Assignment
Nothing but the lines from the start of the records through the line that contains "LEGO เอาใจสายย้อนยุคต่อกันให้เพลินกับกล้อง Polaroid" is to be copied, and each is to be copied exactly.

☆ ☆ ☆ ☆ ☆ ☆ ☆

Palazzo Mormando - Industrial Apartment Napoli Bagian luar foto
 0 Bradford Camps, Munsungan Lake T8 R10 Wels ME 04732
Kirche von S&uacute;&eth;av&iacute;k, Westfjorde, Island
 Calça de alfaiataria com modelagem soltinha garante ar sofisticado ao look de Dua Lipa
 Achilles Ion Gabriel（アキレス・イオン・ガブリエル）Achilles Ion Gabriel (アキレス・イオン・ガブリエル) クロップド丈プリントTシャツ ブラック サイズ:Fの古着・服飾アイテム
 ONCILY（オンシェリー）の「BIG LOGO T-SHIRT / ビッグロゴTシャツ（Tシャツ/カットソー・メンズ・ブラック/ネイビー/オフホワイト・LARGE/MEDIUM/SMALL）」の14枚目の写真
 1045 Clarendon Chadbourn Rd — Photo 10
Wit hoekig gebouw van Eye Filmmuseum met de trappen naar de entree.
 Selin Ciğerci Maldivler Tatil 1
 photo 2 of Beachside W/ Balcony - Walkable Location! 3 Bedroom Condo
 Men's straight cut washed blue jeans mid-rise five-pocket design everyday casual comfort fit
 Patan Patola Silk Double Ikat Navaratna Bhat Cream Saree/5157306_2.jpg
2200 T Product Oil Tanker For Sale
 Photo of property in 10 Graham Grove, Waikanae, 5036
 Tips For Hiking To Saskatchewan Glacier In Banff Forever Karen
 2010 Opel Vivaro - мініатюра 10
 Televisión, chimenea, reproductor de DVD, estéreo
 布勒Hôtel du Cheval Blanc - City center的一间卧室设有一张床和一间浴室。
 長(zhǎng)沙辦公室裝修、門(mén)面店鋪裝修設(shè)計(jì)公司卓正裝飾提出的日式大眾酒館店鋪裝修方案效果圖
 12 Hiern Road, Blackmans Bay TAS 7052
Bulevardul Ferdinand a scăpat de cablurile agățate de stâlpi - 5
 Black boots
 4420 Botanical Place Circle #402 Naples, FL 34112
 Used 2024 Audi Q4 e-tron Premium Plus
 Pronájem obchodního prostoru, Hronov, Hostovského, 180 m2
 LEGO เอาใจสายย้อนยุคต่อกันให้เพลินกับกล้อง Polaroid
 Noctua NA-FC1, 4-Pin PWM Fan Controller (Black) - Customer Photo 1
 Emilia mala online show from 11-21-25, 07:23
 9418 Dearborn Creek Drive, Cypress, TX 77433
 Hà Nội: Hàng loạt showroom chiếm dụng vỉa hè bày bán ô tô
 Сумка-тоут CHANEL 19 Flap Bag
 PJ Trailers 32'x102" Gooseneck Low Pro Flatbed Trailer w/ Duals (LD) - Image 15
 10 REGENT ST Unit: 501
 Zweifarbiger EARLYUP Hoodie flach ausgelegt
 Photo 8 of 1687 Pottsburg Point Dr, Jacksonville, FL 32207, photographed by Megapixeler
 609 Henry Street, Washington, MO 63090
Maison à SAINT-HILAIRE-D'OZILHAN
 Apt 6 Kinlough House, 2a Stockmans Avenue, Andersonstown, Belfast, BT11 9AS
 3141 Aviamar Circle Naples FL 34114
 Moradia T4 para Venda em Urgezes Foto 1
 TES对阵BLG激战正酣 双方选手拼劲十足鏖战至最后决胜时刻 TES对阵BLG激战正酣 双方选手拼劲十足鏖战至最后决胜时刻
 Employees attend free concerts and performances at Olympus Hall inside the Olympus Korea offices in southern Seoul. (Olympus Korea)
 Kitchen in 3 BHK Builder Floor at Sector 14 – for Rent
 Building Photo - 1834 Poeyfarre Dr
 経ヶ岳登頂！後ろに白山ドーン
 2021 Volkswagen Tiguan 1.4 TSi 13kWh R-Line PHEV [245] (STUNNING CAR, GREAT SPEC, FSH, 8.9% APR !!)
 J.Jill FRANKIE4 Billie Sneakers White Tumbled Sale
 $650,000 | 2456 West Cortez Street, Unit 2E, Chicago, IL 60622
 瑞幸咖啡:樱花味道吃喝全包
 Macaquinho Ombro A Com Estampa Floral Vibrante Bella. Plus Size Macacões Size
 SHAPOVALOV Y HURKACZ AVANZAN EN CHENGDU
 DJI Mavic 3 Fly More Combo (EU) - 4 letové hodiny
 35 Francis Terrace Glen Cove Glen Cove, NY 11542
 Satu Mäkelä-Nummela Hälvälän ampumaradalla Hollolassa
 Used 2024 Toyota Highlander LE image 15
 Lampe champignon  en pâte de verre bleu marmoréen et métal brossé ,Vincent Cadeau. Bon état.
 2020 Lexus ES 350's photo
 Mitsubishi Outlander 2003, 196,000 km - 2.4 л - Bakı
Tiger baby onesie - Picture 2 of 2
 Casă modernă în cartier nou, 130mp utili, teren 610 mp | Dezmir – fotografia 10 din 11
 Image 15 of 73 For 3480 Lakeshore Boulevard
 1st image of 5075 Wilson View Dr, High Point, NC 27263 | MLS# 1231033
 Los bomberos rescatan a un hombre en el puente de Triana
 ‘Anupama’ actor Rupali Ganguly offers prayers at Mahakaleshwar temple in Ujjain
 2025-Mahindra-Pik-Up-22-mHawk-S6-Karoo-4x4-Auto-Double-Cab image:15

☆ ☆ ☆ ☆ ☆ ☆ ☆

Solution to the exercise
Palazzo Mormando - Industrial Apartment Napoli Bagian luar foto
 0 Bradford Camps, Munsungan Lake T8 R10 Wels ME 04732
Kirche von S&uacute;&eth;av&iacute;k, Westfjorde, Island
 Calça de alfaiataria com modelagem soltinha garante ar sofisticado ao look de Dua Lipa
 Achilles Ion Gabriel（アキレス・イオン・ガブリエル）Achilles Ion Gabriel (アキレス・イオン・ガブリエル) クロップド丈プリントTシャツ ブラック サイズ:Fの古着・服飾アイテム
 ONCILY（オンシェリー）の「BIG LOGO T-SHIRT / ビッグロゴTシャツ（Tシャツ/カットソー・メンズ・ブラック/ネイビー/オフホワイト・LARGE/MEDIUM/SMALL）」の14枚目の写真
 1045 Clarendon Chadbourn Rd — Photo 10
Wit hoekig gebouw van Eye Filmmuseum met de trappen naar de entree.
 Selin Ciğerci Maldivler Tatil 1
 photo 2 of Beachside W/ Balcony - Walkable Location! 3 Bedroom Condo
 Men's straight cut washed blue jeans mid-rise five-pocket design everyday casual comfort fit
 Patan Patola Silk Double Ikat Navaratna Bhat Cream Saree/5157306_2.jpg
2200 T Product Oil Tanker For Sale
 Photo of property in 10 Graham Grove, Waikanae, 5036
 Tips For Hiking To Saskatchewan Glacier In Banff Forever Karen
 2010 Opel Vivaro - мініатюра 10
 Televisión, chimenea, reproductor de DVD, estéreo
 布勒Hôtel du Cheval Blanc - City center的一间卧室设有一张床和一间浴室。
 長(zhǎng)沙辦公室裝修、門(mén)面店鋪裝修設(shè)計(jì)公司卓正裝飾提出的日式大眾酒館店鋪裝修方案效果圖
 12 Hiern Road, Blackmans Bay TAS 7052
Bulevardul Ferdinand a scăpat de cablurile agățate de stâlpi - 5
 Black boots
 4420 Botanical Place Circle #402 Naples, FL 34112
 Used 2024 Audi Q4 e-tron Premium Plus
 Pronájem obchodního prostoru, Hronov, Hostovského, 180 m2
 LEGO เอาใจสายย้อนยุคต่อกันให้เพลินกับกล้อง Polaroid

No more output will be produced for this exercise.